The OP asked for opinions. I am giving mine.
I remember the guy who went for the mod too far. Complaining they ruined his Counerpoint preamp with too many mods.. Apparently changing it into crap.. in his opinion anyway.
So not only did he lose his wonderful preamp, he paid through the nose for doing so too.
This is the sort of foolishness involved in 'modding'
Total crapshoot IMO.
Like I wrote, I would NEVER pay someone to mess around with any electronics I paid a lot for. Period.
Upgrade Company gives money back gaurantees so you may want to add to your list.
As Elizabeth stated, I too have no interest in modifications to original designs and instead prefer to enjoy a given builder's/manufacturer's original intent and execution of a product. If it turns out not to provide long term satisfaction, I find a way to trade out or up to another piece of original gear. And repairs to restore as originaly designed are the only way to go. Mods, no matter what they are, reduce long term resale value. Also, I would always want to know if a previously owned product was modified so that I can steer clear of purchasing it. I have had a couple of bad experiences in this regard and won't purchase modded gear ever again. In fact, there should be a policy that if an Audiogon member sells a piece with undisclosed mods in the offer for sale, and it is determined by the buyer upon receipt that it was indeed modified and undisclosed prior to the sale, then the buyer should have the option of a full refund and return, NO QUESTIONS ASKED!!!
I had no interest in mods until I heard a friend's GNSC modified ARC SP-14.

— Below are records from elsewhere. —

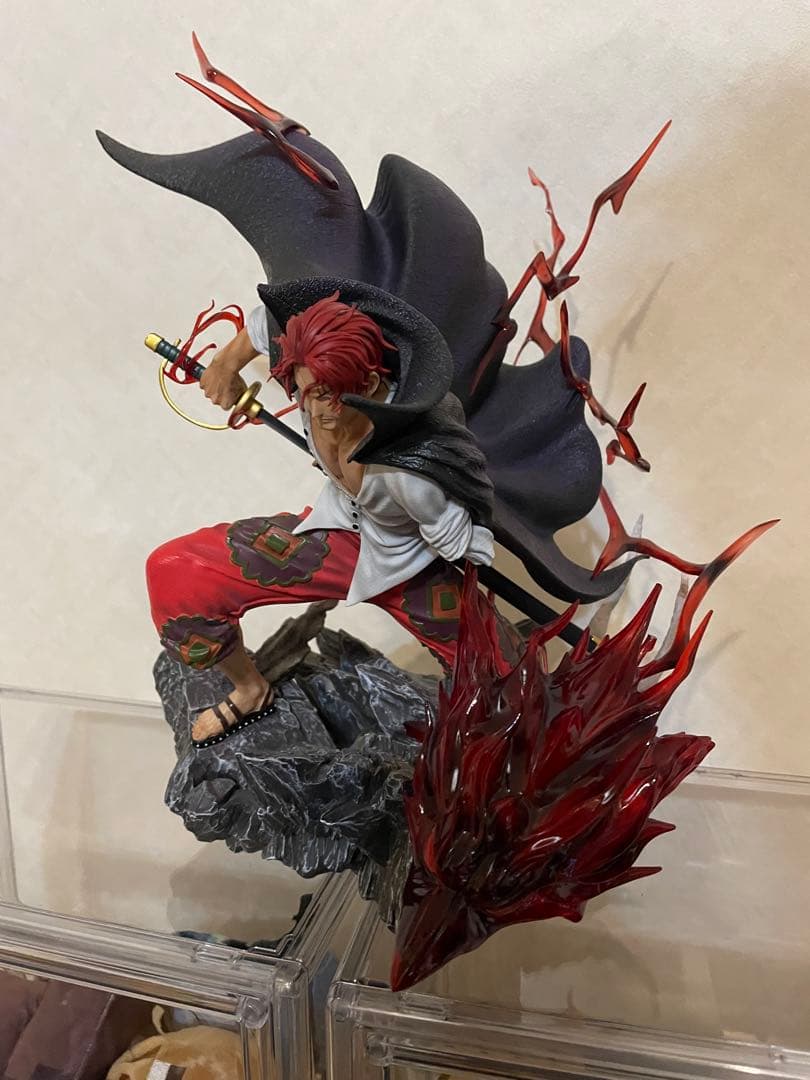 ワンピース　シャンクス　フィギュア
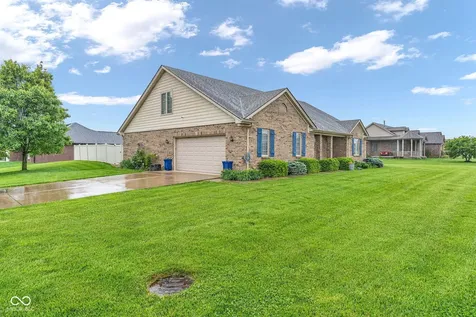 5243 Chloe Lane Seymour IN 47274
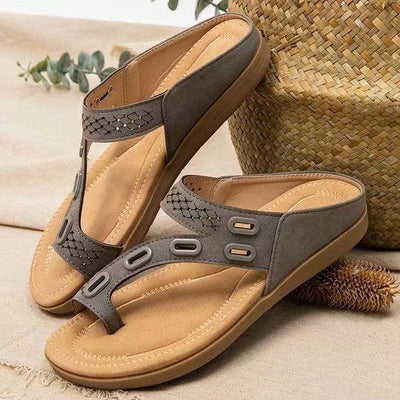 Nomi™ Rutschfeste Flache Orthopädische Sandalen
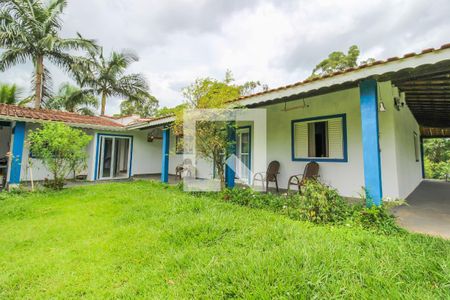 Casa à venda com 5400m², 4 quartos e 5 vagas Casa à venda com 5400m², 4 quartos e 5 vagasQuintal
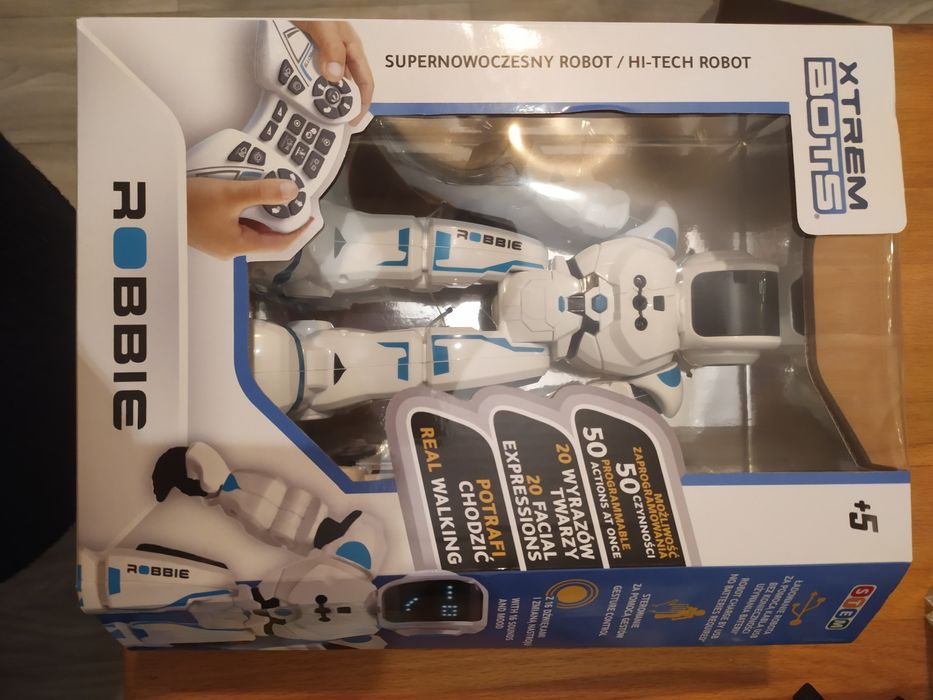 Robot na pilota robbie nowy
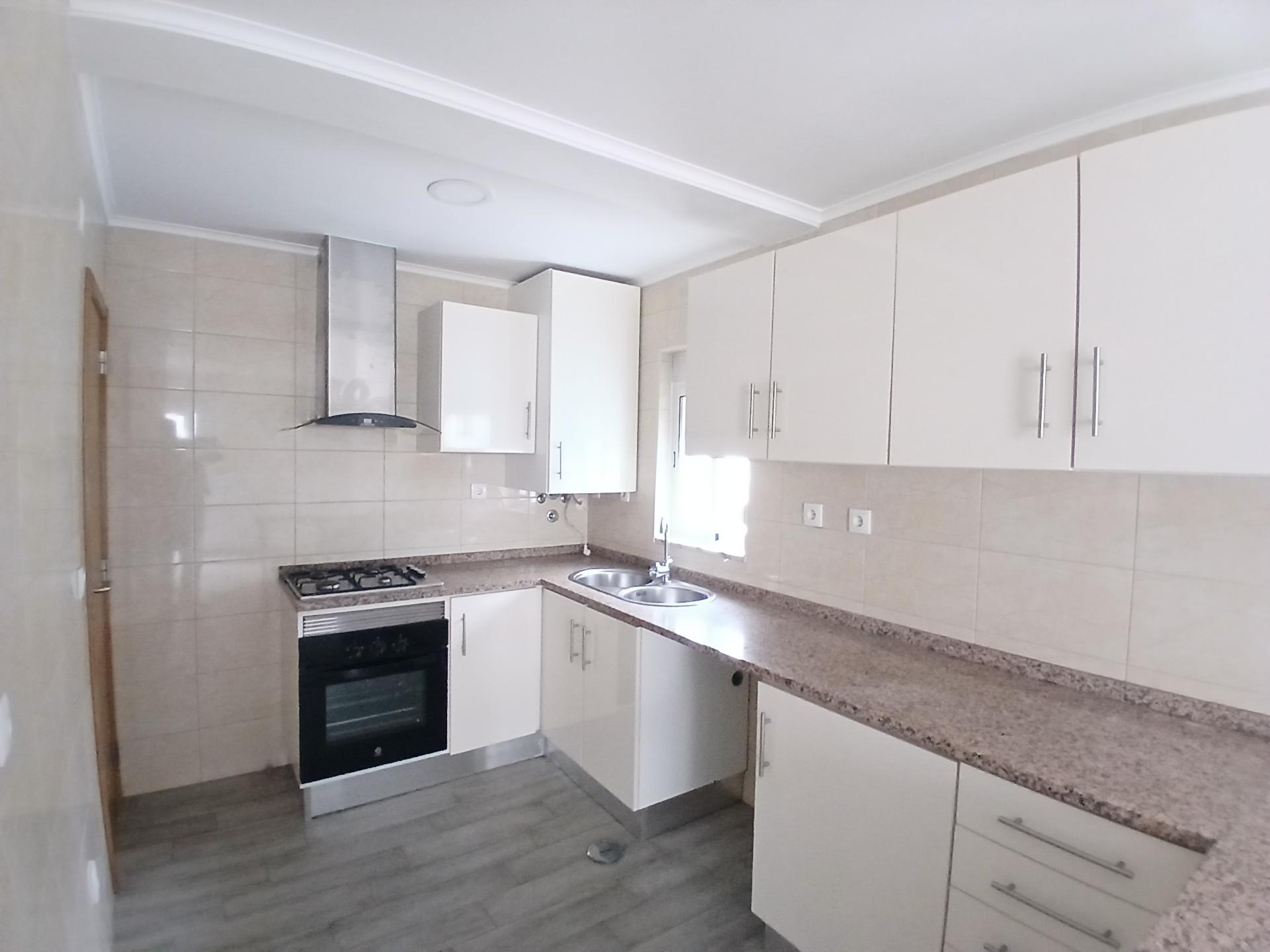 moradia térea T2 em Bucelas, loures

Reminds me of the saying about 'fools rushing in.....'. I find it amusing to see folks who immediately have a unit mod'd when they haven't even heard it and how often mod'd stuff appears in a for sale ad just after a mod is performed. And, concurrently how seldom we ever see an professional, or even user, A/B analysis of the performance differences.
I agree with Ptmconsulting. Don't mod unless you KNOW what the result WILL BE, not just what some merchant tells you. And, FWIW I would never do a 'mystery' mod, or a mod which is not reversable unless I had actually heard and actual unit in my system in my room. Caveat emptor.
I would respectfully disagree with Ptmconsulting. There is only one type of mod, and that is where the actual circuit paramaters are altered. Substituting a different quality part of the same value is referred to as an upgrade, not a mod. Although many of the modders take liberties by calling upgrades mods. Confusion in the service of marketing.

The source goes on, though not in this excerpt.